# Problem description
Everything in the listing should be transcribed exactly, apart from the pictures.

Segment Open

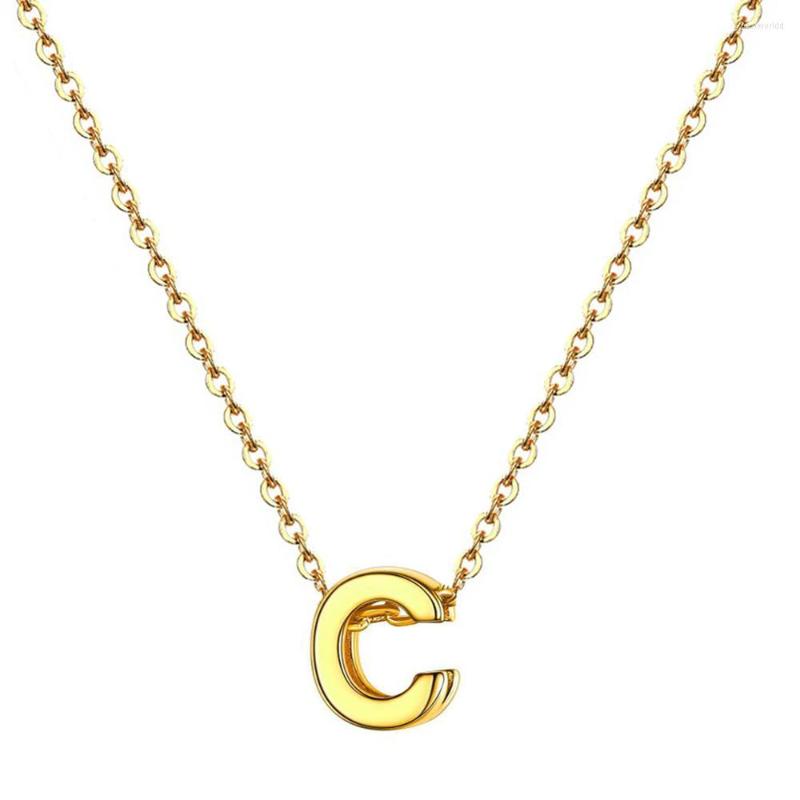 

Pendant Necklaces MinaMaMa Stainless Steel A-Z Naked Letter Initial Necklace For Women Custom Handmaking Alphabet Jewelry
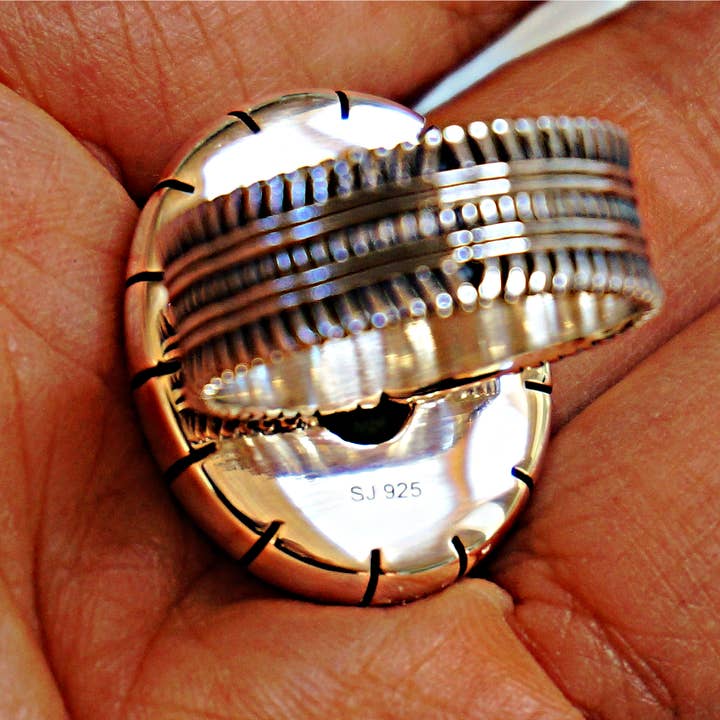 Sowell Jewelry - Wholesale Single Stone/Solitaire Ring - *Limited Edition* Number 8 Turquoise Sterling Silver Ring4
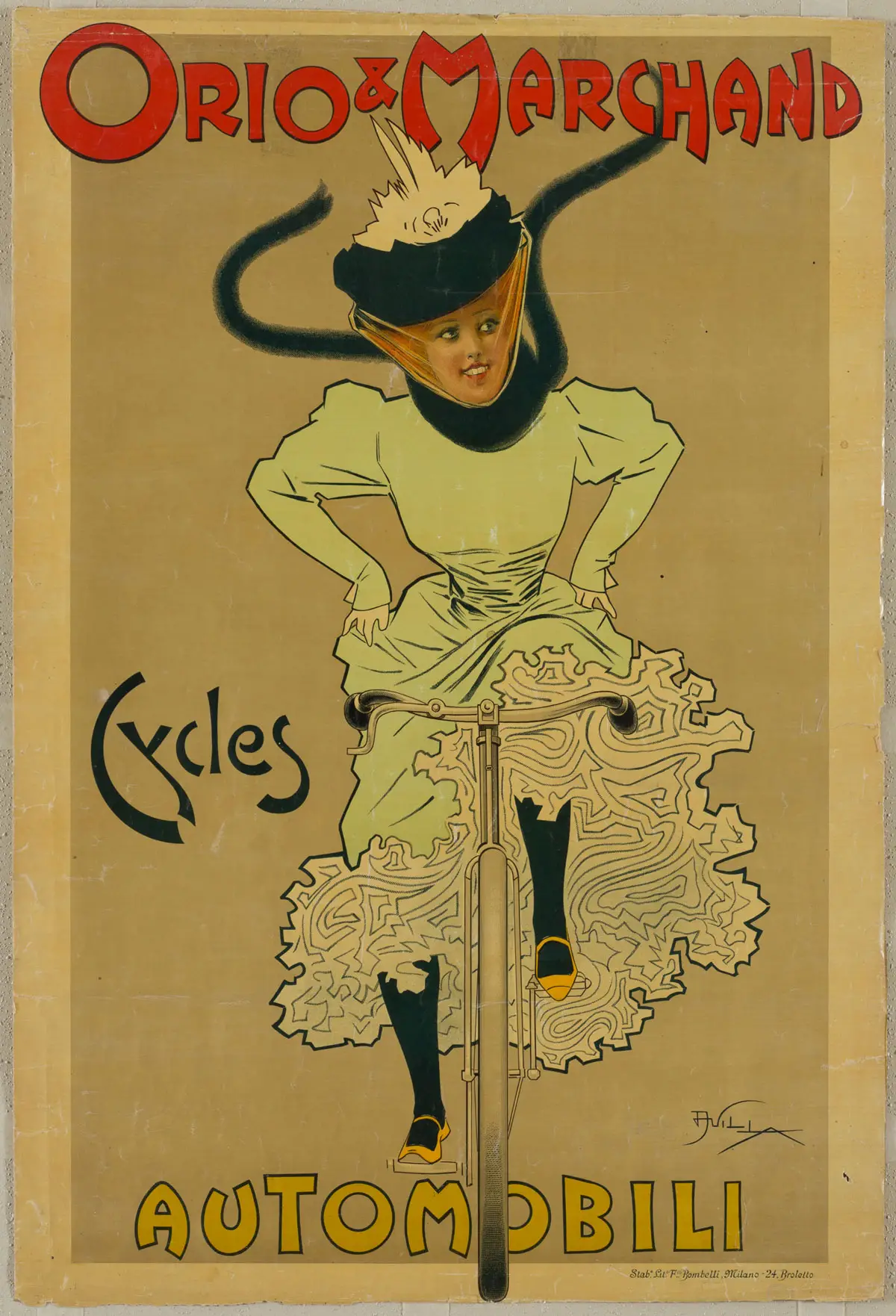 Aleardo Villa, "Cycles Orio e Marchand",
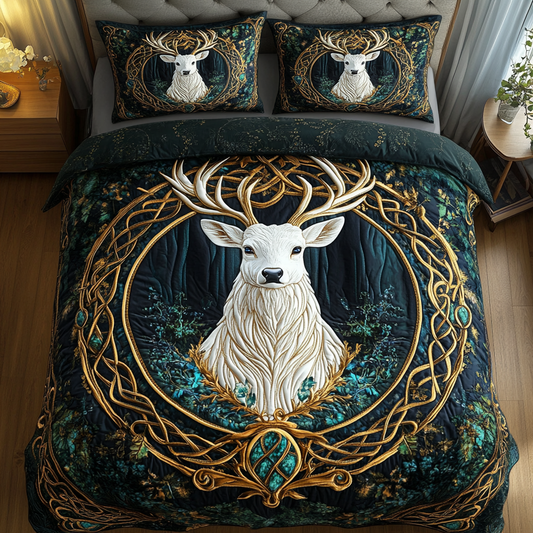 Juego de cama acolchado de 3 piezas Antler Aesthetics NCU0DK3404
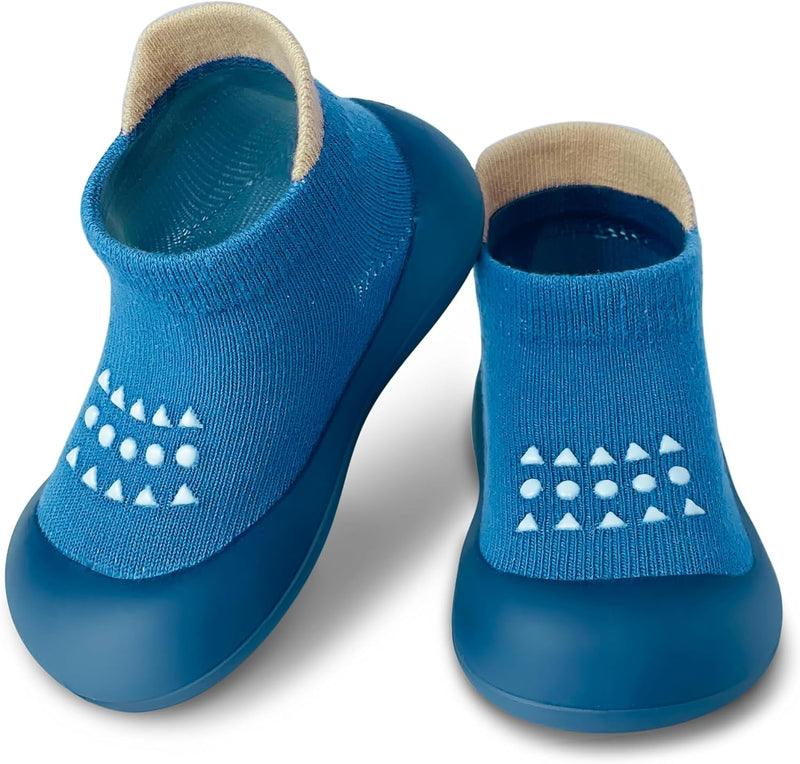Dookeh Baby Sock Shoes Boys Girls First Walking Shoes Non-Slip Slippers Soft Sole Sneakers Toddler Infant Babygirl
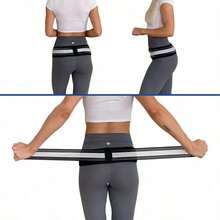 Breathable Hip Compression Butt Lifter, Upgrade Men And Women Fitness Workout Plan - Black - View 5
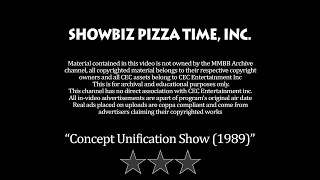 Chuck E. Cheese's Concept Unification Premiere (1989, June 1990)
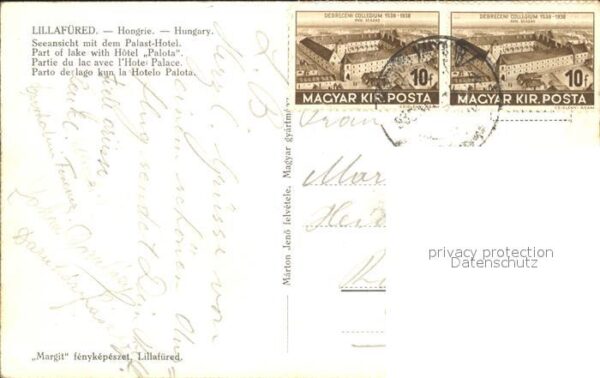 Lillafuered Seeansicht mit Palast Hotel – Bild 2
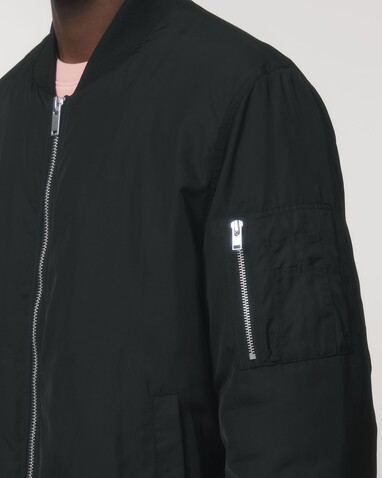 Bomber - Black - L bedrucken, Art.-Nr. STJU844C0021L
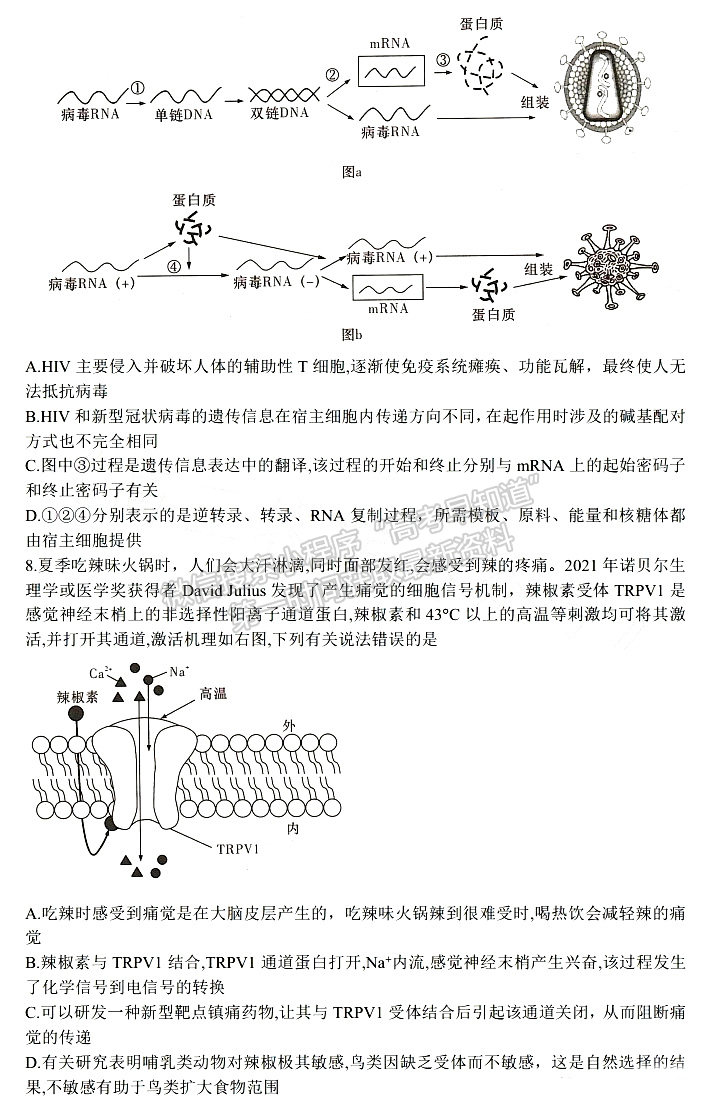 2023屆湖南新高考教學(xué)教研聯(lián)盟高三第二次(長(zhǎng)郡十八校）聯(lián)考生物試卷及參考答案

Segment Closed

# Response area
Pendant Necklaces MinaMaMa Stainless Steel A-Z Naked Letter Initial Necklace For Women Custom Handmaking Alphabet Jewelry
 Sowell Jewelry - Wholesale Single Stone/Solitaire Ring - *Limited Edition* Number 8 Turquoise Sterling Silver Ring4
 Aleardo Villa, "Cycles Orio e Marchand",
 Juego de cama acolchado de 3 piezas Antler Aesthetics NCU0DK3404
Dookeh Baby Sock Shoes Boys Girls First Walking Shoes Non-Slip Slippers Soft Sole Sneakers Toddler Infant Babygirl
 Breathable Hip Compression Butt Lifter, Upgrade Men And Women Fitness Workout Plan - Black - View 5
 Chuck E. Cheese's Concept Unification Premiere (1989, June 1990)
 Lillafuered Seeansicht mit Palast Hotel – Bild 2
 Bomber - Black - L bedrucken, Art.-Nr. STJU844C0021L
 2023屆湖南新高考教學(xué)教研聯(lián)盟高三第二次(長(zhǎng)郡十八校）聯(lián)考生物試卷及參考答案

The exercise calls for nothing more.